Ben Dewey trouve avec The Autumnlands sa première série exécutée "seul aux pinceaux". Et pour une découverte, il est gâté : anthropomorphisme, combats, magie, grandes étendues et cités modernes sont un terrain rêvé pour laisser libre court à son talent. Et il ne s'en prive pas, bien au contraire ! Si son découpage et ses cadrages peuvent sembler classiques, le bestiaire qu'il a imaginé ainsi que le dynamisme de son trait sont sans faille. Il n'hésite pas non plus à exploiter l'étendue du potentiel expressif des faciès animaliers. Un travail soigné, magnifié par les couleurs de Jordie Bellaire (Pretty Deadly, Moon Knight), sobres mais toujours à propos.
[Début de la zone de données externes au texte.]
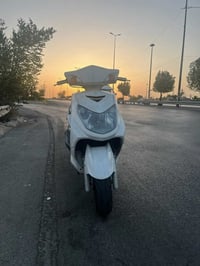 سكنس • فحل • موتور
Si les dessins retiennent l'attention, c'est avant tout la trame qui accroche dans ce tome d'ouverture. Une épopée Fantasy, avec une pointe de religion et un héros de légende, dont les humains sont absents et où les protagonistes sont soumis à un danger omniprésent et la tension exacerbée par la lutte contre le temps. Mis bout à bout, les ingrédients auraient pu être indigestes mais le créateur d'Astro City et de Superman : identité secrète a le talent nécessaire pour doser avec justesse chaque élément. Créant rapidement un déséquilibre entre les forces en présence, il ne fait pas languir le lecteur pour dévoiler la nature exacte du sauveur tant attendu... et ses limites. En s'appuyant sur des personnages encore enfants, il s'offre aussi l'occasion de les lancer dans l'exploration du monde que leur peuple découvre, les faire grandir à force d'épreuves, de doutes et de remises en question. Dense, son récit reste toutefois plaisant et envoûtant grâce à une narration intelligente et des rebondissements nombreux mais bien amenés.
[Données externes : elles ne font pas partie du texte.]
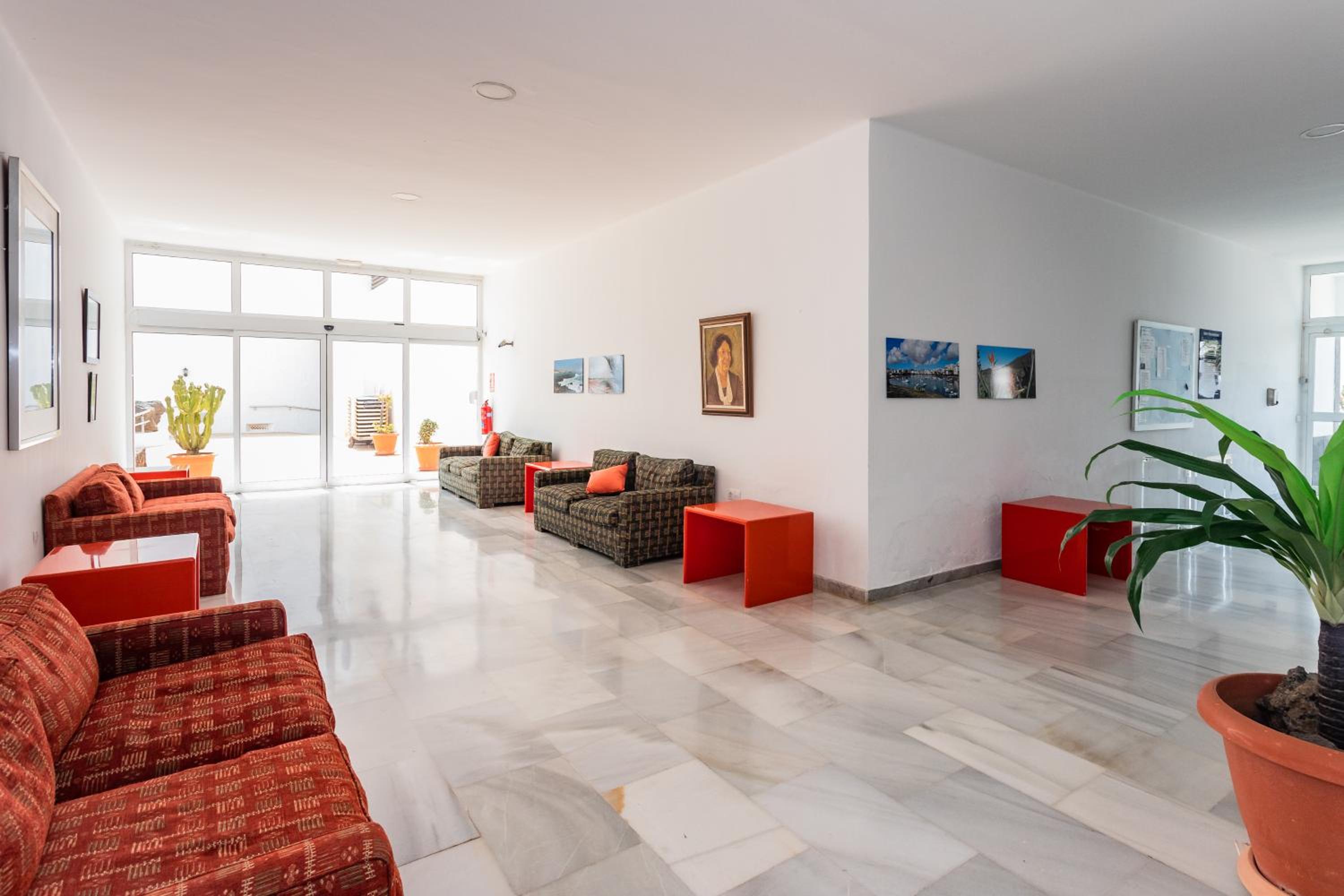 Selectum Lanza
De griffes et de crocs parvient à introduire un monde étendu et foisonnant, décrire les enjeux et créer de l'empathie pour ses personnages en six épisodes. Si cela ne présage pas de la qualité de la suite, cet album représente un très bon départ pour une série dont le potentiel est indéniable.
Cela faisait quelques mois que je voulais découvrir cette œuvre car la couverture attire incontestablement. Si seulement le dessin avait été à la hauteur de cette couverture, on aurait l’un des plus beaux comics qui soit. Ce n’est malheureusement pas le cas. C’est une bd animalière qui a certes quelques atouts dans la représentation anthropomorphique. Cependant, les défauts sont visibles à commencer par une couleur dégoulinante qui fait perdre la beauté aux images.
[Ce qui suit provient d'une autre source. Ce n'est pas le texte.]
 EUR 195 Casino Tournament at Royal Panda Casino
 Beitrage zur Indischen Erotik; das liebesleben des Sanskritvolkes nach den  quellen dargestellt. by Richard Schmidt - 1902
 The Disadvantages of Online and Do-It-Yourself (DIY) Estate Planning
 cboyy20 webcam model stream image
En ce qui concerne le scénario, on se rapproche de l’univers fantasy de Warcraft. Il n’y a rien de vraiment original à part sans doute le fait que le champion soit un homme au demeurant bien foutu. Il manque la grâce, la beauté et la subtilité, c’est certain. Mais bon, ce n’est pas aussi mal que cela. Il y a dans le traitement quelque chose de différent qui semble tenir la route. De griffes et de crocs nous donne envie d’aller plus loin dans la découverte de ce monde magique très automnale.